Exercise instructions:
Apart from the images, reproduce all of the data word for word.

───── Raw data

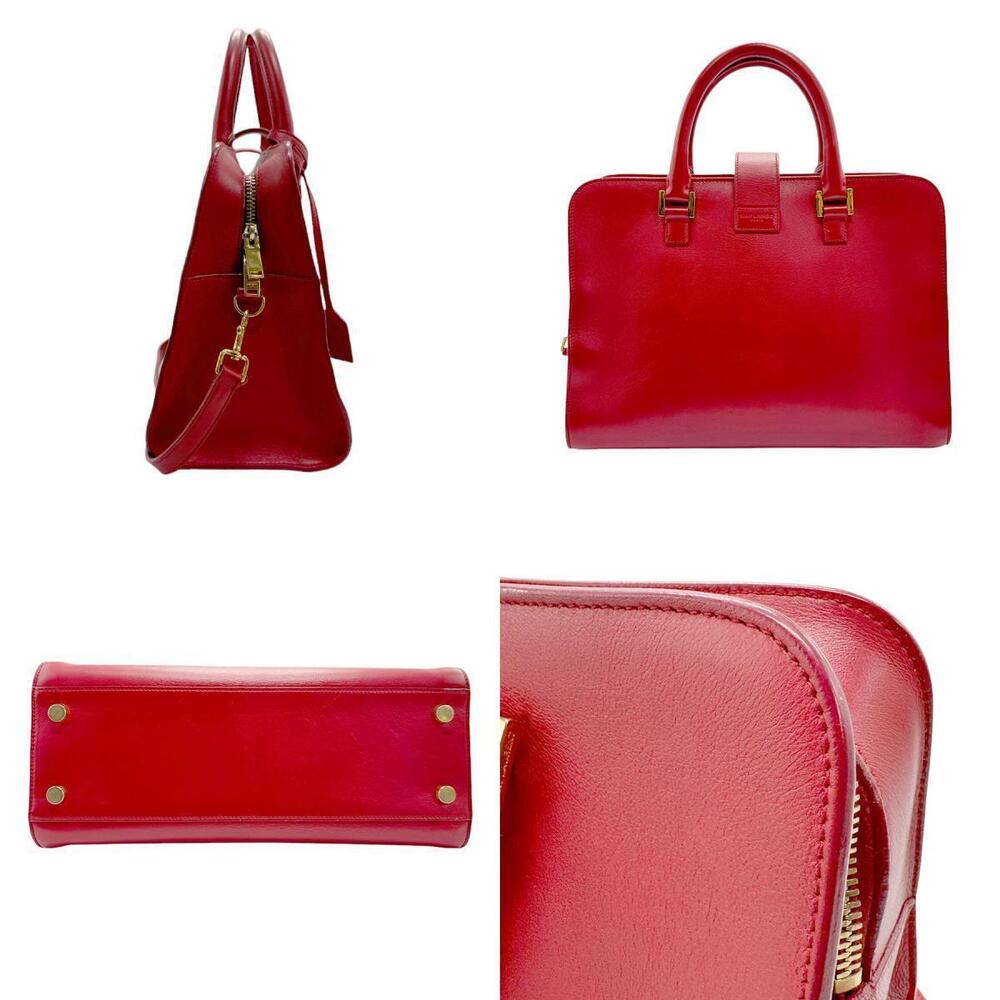 Saint Laurent Red Cabas Gold Leather Bag Handbag Baby Shoulder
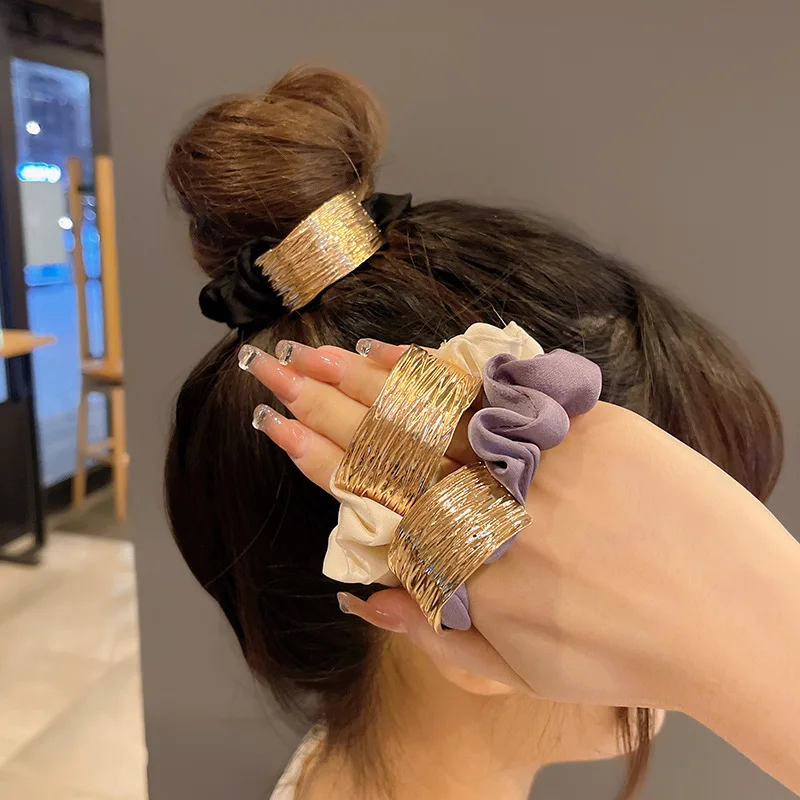 Korean Fashion Metal Buckle Hair Rope Women Satin Hair Scrunchies Elastic Hair Rubber Band Solid Color Ponytail Hair Accessories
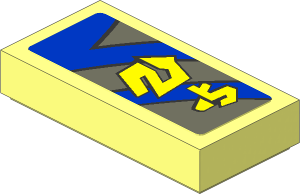 Tile  1 x  2 with Yellow Markings, Blue Curved and Straight Lines Left Model Sticker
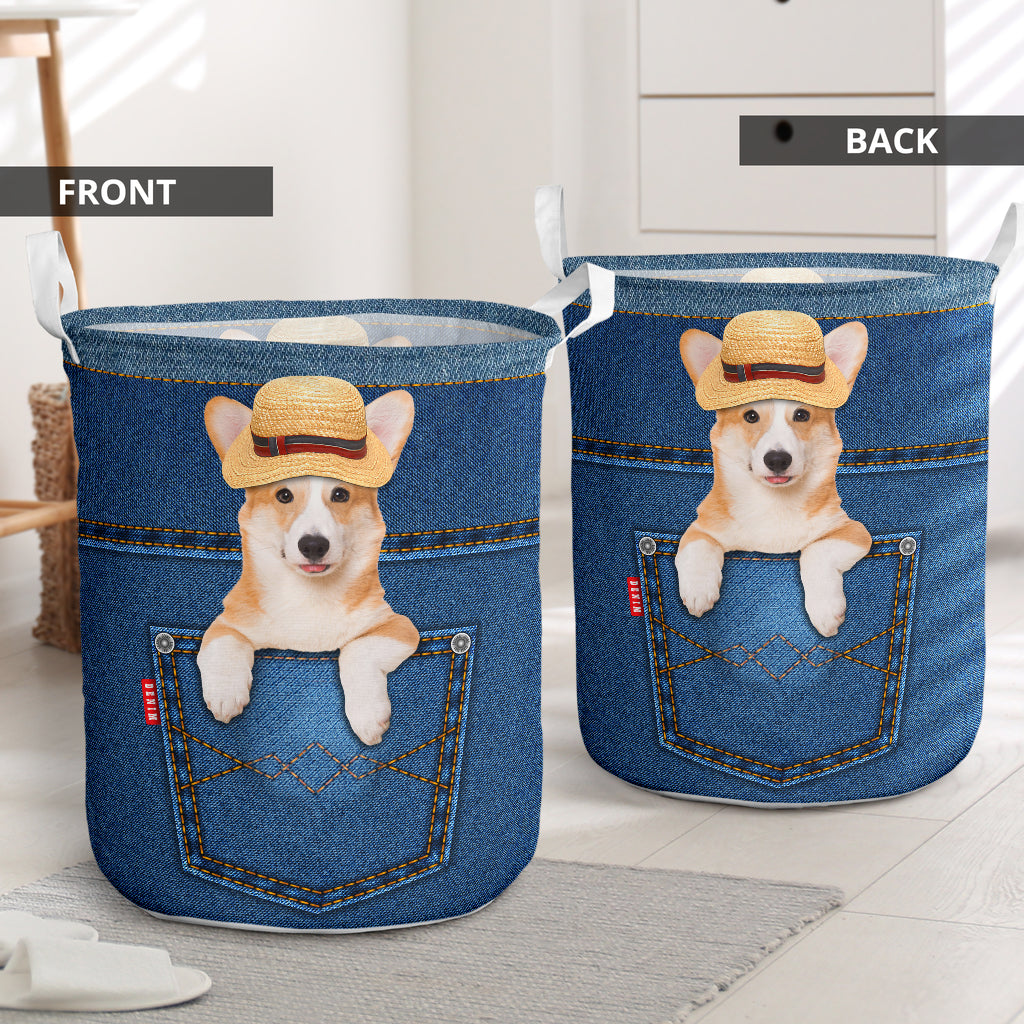 Corgi Jean Basic Lovely Style Laundry Basket For Room Home Organizer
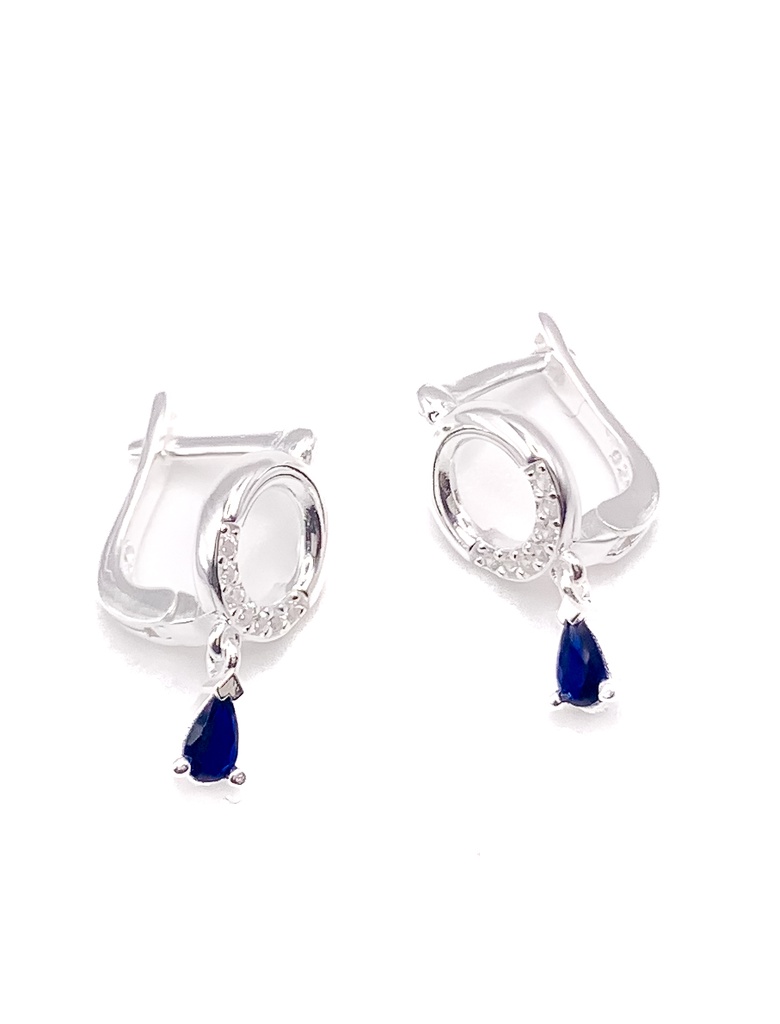 Aretes plata con broche patente de circulo con enjoye y piedra colgante azul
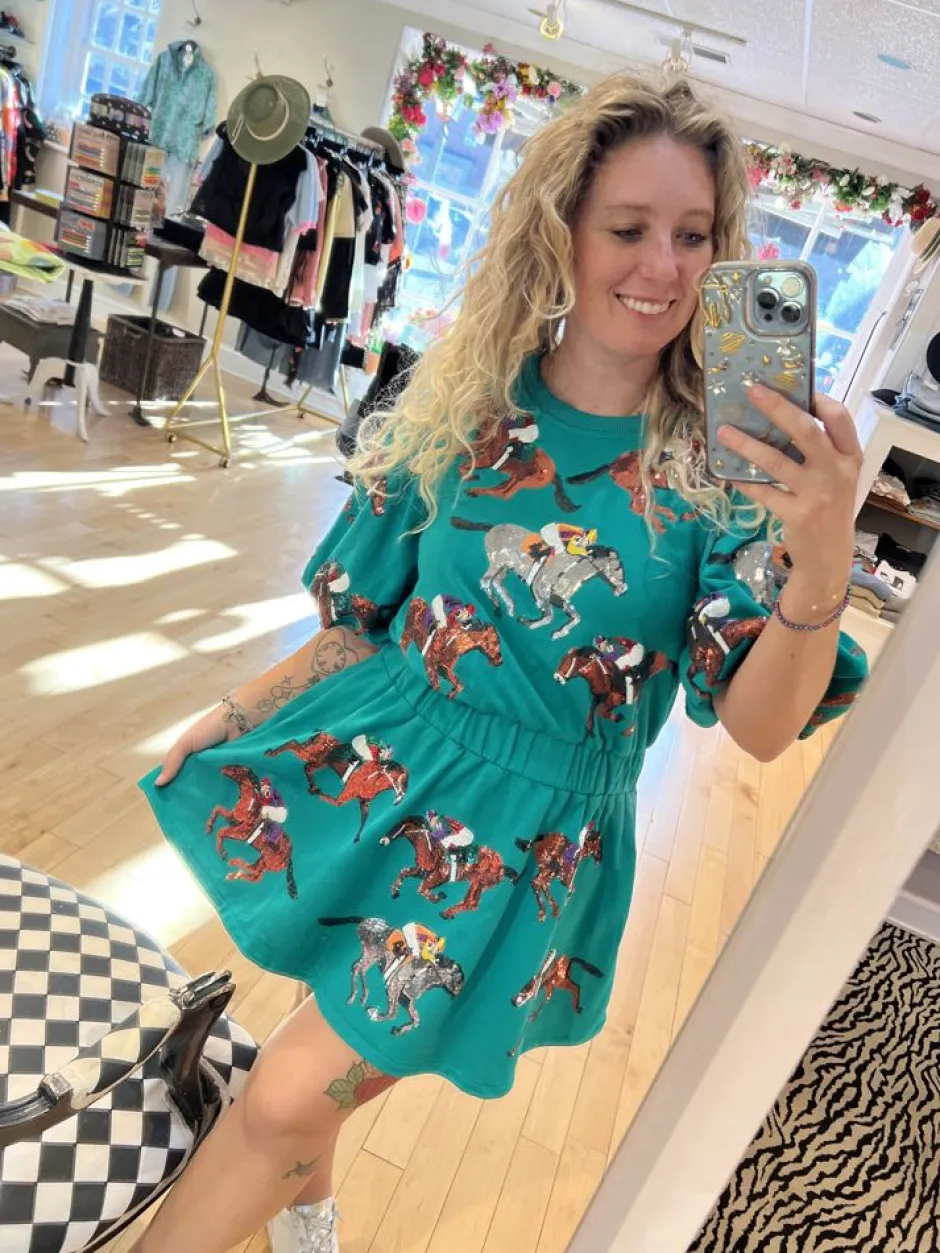 Mini-Queen of Sparkles Green Horse & Jockey Dress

──────────

Exercise solution:
 Saint Laurent Red Cabas Gold Leather Bag Handbag Baby Shoulder
 Korean Fashion Metal Buckle Hair Rope Women Satin Hair Scrunchies Elastic Hair Rubber Band Solid Color Ponytail Hair Accessories
 Tile  1 x  2 with Yellow Markings, Blue Curved and Straight Lines Left Model Sticker
 Corgi Jean Basic Lovely Style Laundry Basket For Room Home Organizer
 Aretes plata con broche patente de circulo con enjoye y piedra colgante azul
 Mini-Queen of Sparkles Green Horse & Jockey Dress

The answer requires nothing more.